Bunlardan biri de Güney Kore. 1987'ye kadar Türkiye'den küçük bir ekonomiye sahip olan bu ülke, sonraki yıllarda gösterdiği istikrarlı büyümeyle geçtiğimiz yıl on ikinci sıraya kadar yükseldi. Fakat durumumuzun o kadar da kötü olduğu sanılmasın. Ekonominin büyüklüğü yönünden gelişmiş gelişmekte olsun birçok ülkenin önündeyiz. Arkamızdan gelen Tayvan on sekiz, Tayland yirmi dört, Malezya yirmi dokuz, Singapur otuz dokuzuncu sırada yer alıyorlar.

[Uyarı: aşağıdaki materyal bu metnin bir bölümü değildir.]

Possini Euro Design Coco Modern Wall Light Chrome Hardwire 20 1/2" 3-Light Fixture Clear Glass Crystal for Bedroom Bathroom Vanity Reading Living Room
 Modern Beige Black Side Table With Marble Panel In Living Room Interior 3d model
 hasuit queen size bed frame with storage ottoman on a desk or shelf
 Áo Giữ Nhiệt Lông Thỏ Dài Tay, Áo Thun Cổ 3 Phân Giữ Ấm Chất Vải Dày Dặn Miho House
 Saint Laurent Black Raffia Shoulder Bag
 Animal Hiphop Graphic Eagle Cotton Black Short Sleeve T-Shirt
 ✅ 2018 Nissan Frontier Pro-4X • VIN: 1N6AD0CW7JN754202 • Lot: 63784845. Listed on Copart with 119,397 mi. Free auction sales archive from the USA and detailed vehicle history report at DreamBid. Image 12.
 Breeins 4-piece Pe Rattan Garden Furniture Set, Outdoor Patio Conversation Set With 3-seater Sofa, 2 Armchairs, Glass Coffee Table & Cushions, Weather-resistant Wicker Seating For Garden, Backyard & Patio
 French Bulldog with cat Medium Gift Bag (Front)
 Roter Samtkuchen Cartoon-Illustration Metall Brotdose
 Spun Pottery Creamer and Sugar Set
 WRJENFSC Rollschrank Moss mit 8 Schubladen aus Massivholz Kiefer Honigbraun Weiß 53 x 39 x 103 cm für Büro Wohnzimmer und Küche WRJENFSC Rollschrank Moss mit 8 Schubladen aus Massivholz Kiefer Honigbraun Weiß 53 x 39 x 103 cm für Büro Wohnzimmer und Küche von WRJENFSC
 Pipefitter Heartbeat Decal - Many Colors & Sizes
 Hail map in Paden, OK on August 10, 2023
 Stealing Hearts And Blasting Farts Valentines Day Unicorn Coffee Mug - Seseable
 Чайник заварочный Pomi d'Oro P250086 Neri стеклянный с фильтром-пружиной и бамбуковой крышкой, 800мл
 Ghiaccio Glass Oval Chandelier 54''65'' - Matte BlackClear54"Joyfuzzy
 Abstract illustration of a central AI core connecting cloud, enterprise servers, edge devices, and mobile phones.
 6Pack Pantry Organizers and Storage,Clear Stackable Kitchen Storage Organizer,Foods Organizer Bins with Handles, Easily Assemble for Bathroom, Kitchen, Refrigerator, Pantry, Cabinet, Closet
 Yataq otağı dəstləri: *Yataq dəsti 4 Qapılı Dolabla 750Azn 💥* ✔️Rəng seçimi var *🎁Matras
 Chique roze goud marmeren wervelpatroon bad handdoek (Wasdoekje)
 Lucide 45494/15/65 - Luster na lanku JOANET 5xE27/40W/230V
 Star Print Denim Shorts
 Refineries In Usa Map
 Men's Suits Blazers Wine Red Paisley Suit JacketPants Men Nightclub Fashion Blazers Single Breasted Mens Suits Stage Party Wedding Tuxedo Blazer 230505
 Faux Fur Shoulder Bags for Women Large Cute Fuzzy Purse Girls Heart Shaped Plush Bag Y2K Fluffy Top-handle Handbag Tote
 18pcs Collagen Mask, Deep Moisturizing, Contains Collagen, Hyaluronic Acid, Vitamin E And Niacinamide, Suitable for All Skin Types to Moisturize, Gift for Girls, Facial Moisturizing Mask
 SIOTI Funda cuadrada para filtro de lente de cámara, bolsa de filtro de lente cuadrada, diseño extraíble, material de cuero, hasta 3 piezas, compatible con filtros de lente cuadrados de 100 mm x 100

Büyüme oranları yönünden bize benzeyen Uzakdoğu ülkeleriyle aramızdaki en önemli fark dış denge rakamlarında ortaya çıkıyor. Dış ticaret ve cari işlemleri sürekli açık veren Türkiye'nin aksine Uzakdoğu'nun yükselen ekonomileri yüksek cari işlem fazlalarına sahip. Basamağın yirmi dokuzuncu sırasındaki Malezya'nın 2011'de yüzde 9.9, otuz dokuzuncu sırasında yer alan Singapur'un ise yüzde 17.2 oranında cari işlem fazlası vermeleri bekleniyor. On altıncı sıradaki Türkiye'de ise cari işlemler açığı GSYİH'nin yüzde 8'ine yaklaşıyor. Kronikleşen cari işlemler açığının nedeni harcamalarımızın gelirlerimizin üstünde oluşu, farklı bir ifadeyle tasarruflarımızın yatırımlarımızı karşılayamaması. Evet, tasarruflarımız yetersiz; hem özel hem de toplam tasarrufların GSYİH içindeki oranı 2002'den bu yana geriliyor. 2002'de yüzde 25.3 olan özel tasarruf oranı 2010'da yüzde 12 seviyesinde gerçekleşti. Toplam tasarruflarda da benzer bir gelişme gözleniyor. Fazla veren Uzakdoğu ülkelerinde ise tasarrufların GSYİH içindeki oranı yüzde 30'ların üzerinde seyrediyor.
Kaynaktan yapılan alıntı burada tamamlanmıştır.